Uno puede pensar entonces que estos libros son lo mejor y que son perfectos, pero no lo son tanto: con el tiempo, el libro se irá deteriorando y cuando deje de funcionar, se convertirá en un residuo electrónico que acabará en un vertedero, contaminando así el medio ambiente; otra desventaja es que dicho dispositivo es muy caro, la gran mayoría cuestan más de 120€; y por otra parte, es muy fácil hacer copias ilegales del libro que estemos leyendo en el dispositivo, lo que afecta a la debilitada economía del país. No obstante, entre las ventajas más grandes de este nuevo libro está el menor gasto de papel y tinta, muy cómodo y ligero, y no cansa la vista, ya que la pantalla está hecha con una tecnología que evita cansancio al ojo.

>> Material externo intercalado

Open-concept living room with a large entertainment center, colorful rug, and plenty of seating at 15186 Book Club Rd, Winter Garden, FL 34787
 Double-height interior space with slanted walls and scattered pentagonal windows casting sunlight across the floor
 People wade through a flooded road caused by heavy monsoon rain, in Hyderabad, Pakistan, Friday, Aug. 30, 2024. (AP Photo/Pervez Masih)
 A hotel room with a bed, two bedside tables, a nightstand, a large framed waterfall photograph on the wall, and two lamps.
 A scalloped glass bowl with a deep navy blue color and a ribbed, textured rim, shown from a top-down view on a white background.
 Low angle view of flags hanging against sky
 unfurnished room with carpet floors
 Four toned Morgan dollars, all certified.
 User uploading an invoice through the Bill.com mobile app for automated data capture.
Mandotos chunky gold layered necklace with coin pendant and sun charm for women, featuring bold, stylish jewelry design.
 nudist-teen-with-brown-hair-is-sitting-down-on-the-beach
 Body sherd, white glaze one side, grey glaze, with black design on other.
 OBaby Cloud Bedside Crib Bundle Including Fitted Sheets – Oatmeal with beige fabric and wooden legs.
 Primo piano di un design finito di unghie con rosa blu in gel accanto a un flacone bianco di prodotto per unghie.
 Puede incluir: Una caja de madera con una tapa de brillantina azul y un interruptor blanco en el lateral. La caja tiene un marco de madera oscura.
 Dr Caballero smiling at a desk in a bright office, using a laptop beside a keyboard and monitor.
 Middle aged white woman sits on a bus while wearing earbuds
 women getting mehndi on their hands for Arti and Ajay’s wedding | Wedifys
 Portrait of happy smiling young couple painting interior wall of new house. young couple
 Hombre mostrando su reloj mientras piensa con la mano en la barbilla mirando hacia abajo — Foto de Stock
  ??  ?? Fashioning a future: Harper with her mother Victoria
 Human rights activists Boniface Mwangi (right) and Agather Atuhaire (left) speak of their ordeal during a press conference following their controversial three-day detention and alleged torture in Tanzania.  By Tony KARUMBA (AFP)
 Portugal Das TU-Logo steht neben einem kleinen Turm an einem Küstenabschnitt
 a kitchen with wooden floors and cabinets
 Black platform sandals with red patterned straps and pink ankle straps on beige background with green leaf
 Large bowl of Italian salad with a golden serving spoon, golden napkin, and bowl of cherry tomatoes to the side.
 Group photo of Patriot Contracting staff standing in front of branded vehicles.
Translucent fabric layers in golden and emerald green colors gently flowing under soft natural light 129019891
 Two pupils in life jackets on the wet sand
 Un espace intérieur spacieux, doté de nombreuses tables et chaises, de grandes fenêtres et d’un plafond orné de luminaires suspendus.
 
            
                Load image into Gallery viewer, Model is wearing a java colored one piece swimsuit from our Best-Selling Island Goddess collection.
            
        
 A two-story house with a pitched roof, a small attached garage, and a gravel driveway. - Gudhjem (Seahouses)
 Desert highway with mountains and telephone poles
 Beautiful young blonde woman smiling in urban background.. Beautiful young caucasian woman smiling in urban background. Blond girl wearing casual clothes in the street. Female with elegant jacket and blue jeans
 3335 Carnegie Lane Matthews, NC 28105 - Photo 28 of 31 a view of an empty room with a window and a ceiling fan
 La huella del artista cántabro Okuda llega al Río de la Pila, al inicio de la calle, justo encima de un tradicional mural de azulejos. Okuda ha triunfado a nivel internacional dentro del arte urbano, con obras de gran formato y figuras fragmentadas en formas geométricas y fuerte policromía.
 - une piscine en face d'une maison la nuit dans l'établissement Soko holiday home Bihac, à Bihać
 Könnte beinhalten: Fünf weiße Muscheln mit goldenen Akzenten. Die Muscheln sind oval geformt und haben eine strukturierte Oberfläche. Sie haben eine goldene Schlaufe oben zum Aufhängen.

Yo pienso que los libros digitales y los tradicionales pueden existir juntos porque, al fin y al cabo, los dos son libros, cada uno tiene sus ventajas e inconvenientes, y no hay que olvidar que si te gusta leer, no importa qué clase escojas, la cuestión es que te guste de verdad lo que lees y cómo lo lees.

Francisco Torres, 1ºbto A

¿Por qué leer?

 

            Ésta es una pregunta que mucha gente se hace, sobre todo entre los jóvenes: “¿Para qué leer?” Lo cierto es que están leyendo, casi siempre, ya sea un sms, un comentario en el tuenti o la etiqueta del champú, aunque no sea lo que ellos llamen “lectura”.  Lo que la mayoría no entienden es que leer es mucho más que pasar las páginas de un libro, y más ahora con todas las nuevas tecnologías.

Leer nos ayuda a enriquecer nuestro vocabulario, a no cometer esas faltas de ortografía que casi nos cuestan un examen, a formar nuestro propio universo.

Leyendo puedes adentrarte en lo reflejado en las páginas. Leyendo puedes vivir mil aventuras, puedes viajar a lugares remotos, lugares exóticos, lugares inexplorados, lugares inalcanzables, lugares inimaginables. Leyendo puedes descubrir cientos de criaturas por explorar, conocer cosas de criaturas ya existentes o criaturas que jamás hubieras imaginado.

Leyendo puedes vivir la historia de amor más romántica o descubrir el crimen más perverso jamás contado. Leyendo puedes luchar en una batalla épica, como puedes estar en la pelea más absurda y tonta.

Leyendo puedes estar volando con gaviotas sobes la playa más hermosa, corriendo con panteras en la selva más profunda o nadando con tiburones en las aguas más peligrosas del océano.

Leyendo puedes tener poderes sobrenaturales, tener magia. Leyendo puedes salvar vidas. Leyendo puedes aprender de otras culturas, otros idiomas.

Puedes ser esa persona que siempre quisiste ser o ser tú mismo tan solo, sentirte identificado con ese personaje o ser ese personaje. Leyendo se pueden superar los miedos o superar las adicciones.

Un libro te puede hacer llorar como un bebé, reír como un idiota o gritar como un loco. Un libro lo puedes odiar, lo puedes amar… siempre te va a crear un sentimiento. Un libro te puede cambiar la vida.

Porque querido lector, leer no es solo pasar las páginas de un libro.